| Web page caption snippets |
--- START ---

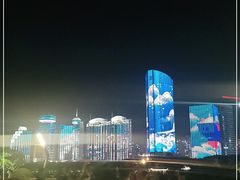 -万绿园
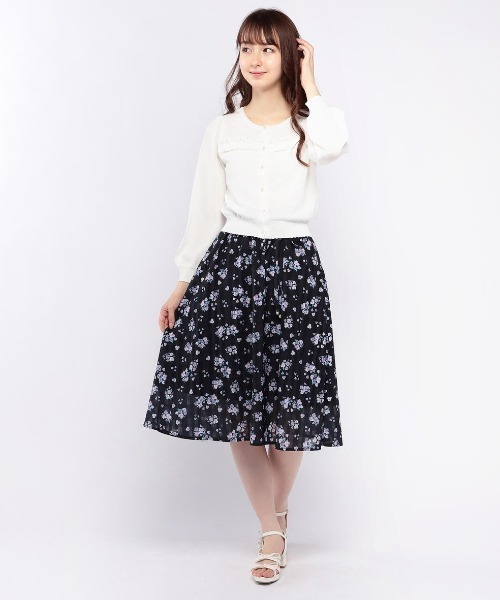 LODISPOTTO(ロディスポット)の「フルールモチーフデザインカーディガン(カーディガン/ボレロ・レディース・ホワイト/ブラック・MEDIUM)」の12枚目の写真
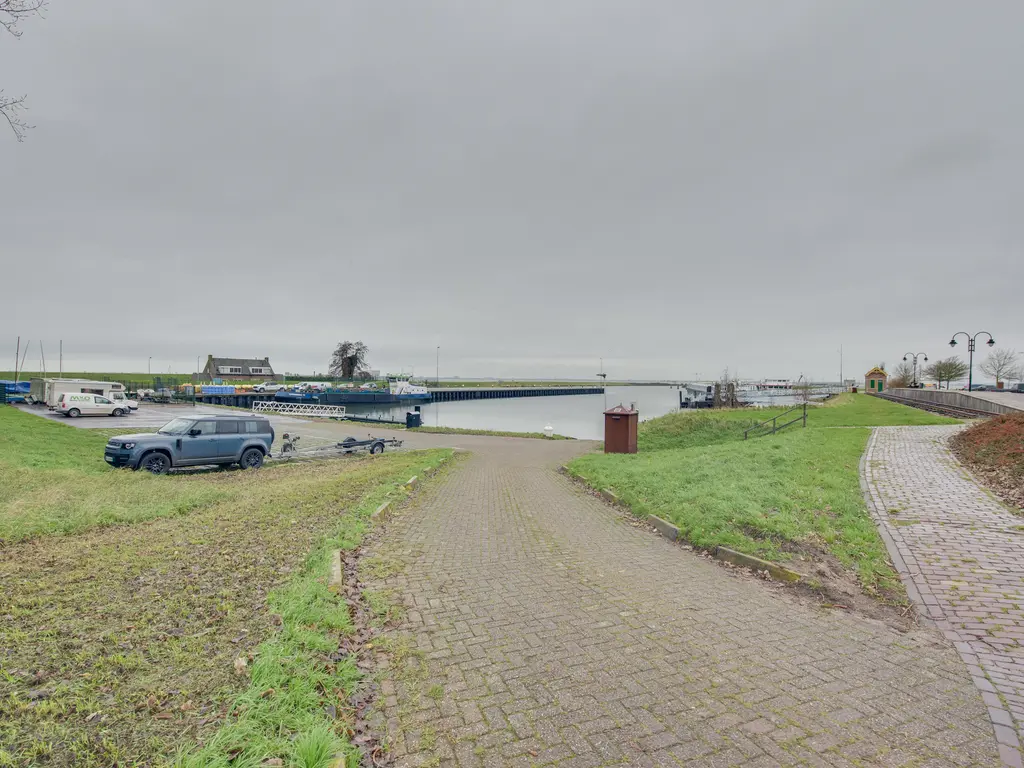 Sluuslaan 3, MIDDELHARNIS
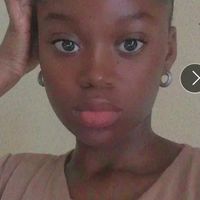 ninellekiombamukoko0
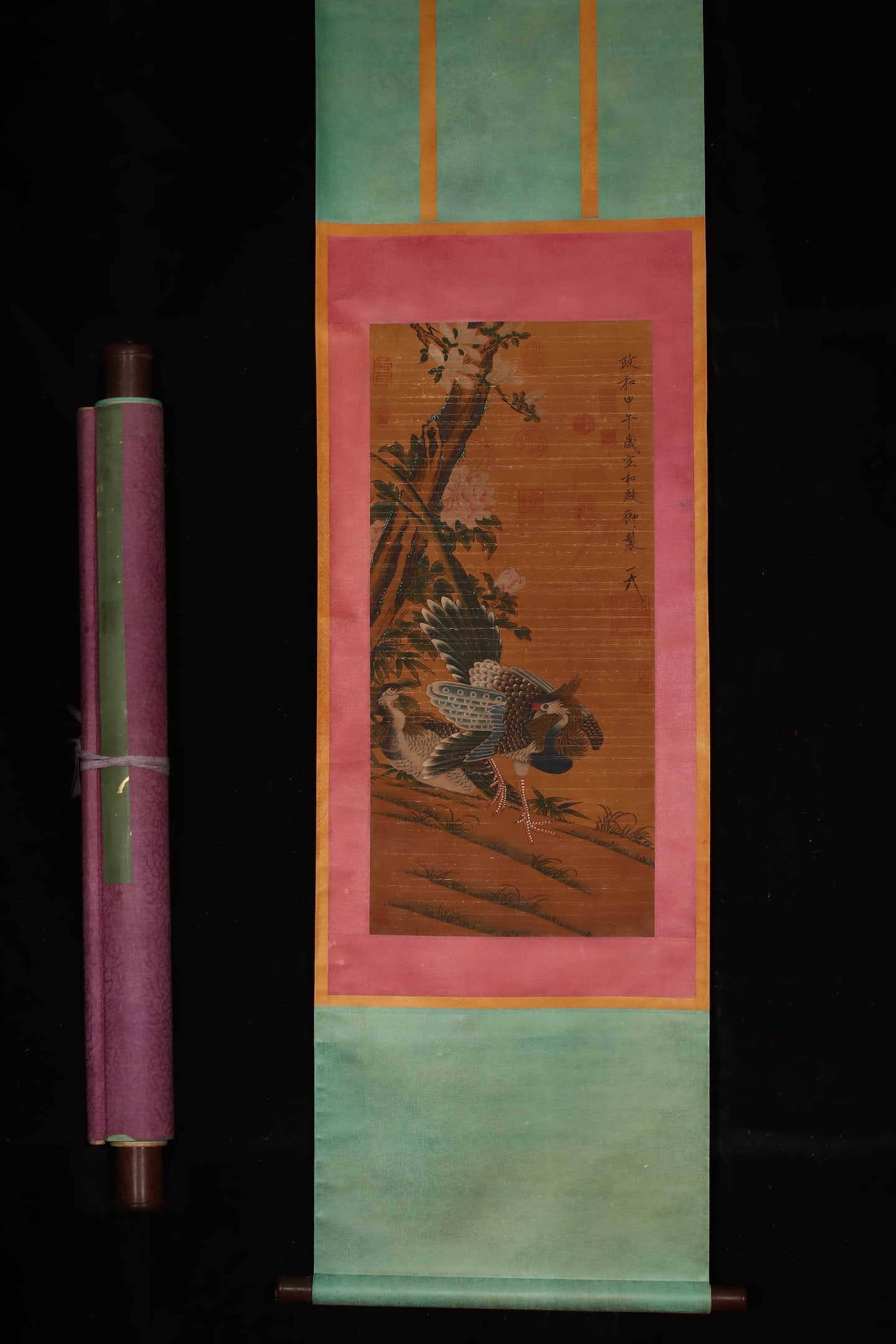 A Chinese Vertical Scroll Ink Painting of Flower and Bird on Silk: A Chinese Vertical Scroll Ink Painting of Flower and Bird on Silk,Song Dynasty, China,Emperor Huizong of Song,without frame size:31.5inx14.6in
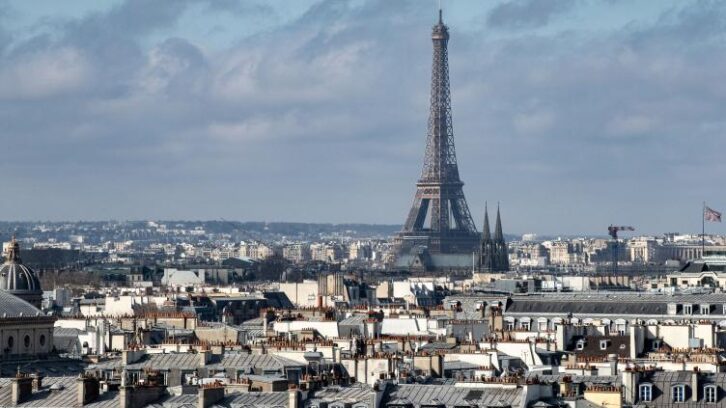 Image à la une de La vaste campagne de travaux de la tour Eiffel touche à sa fin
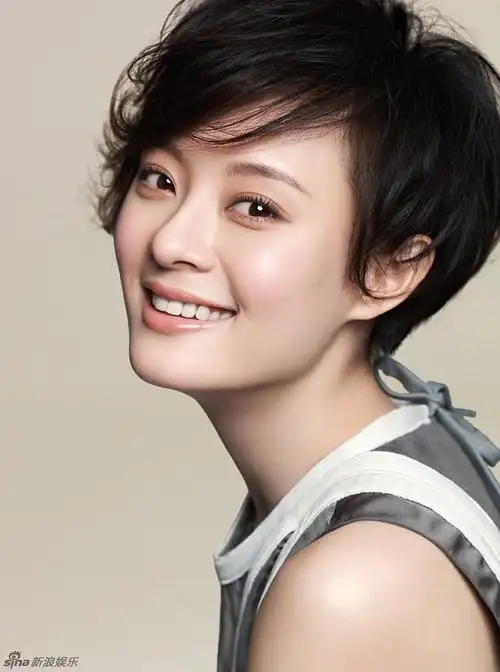 那年那月出生电影明星孙俪的照片孙俪个人资料身高体重孙俪体重孙俪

--- END ---

| Problem to solve |
Give back exactly the lines above from the one with "LODISPOTTO(ロディ" through the one with "Song,without frame size:31.5inx14.6in", both included. Pictures don't belong in the copy.

| Task answer |
 LODISPOTTO(ロディスポット)の「フルールモチーフデザインカーディガン(カーディガン/ボレロ・レディース・ホワイト/ブラック・MEDIUM)」の12枚目の写真
 Sluuslaan 3, MIDDELHARNIS
 ninellekiombamukoko0
 A Chinese Vertical Scroll Ink Painting of Flower and Bird on Silk: A Chinese Vertical Scroll Ink Painting of Flower and Bird on Silk,Song Dynasty, China,Emperor Huizong of Song,without frame size:31.5inx14.6in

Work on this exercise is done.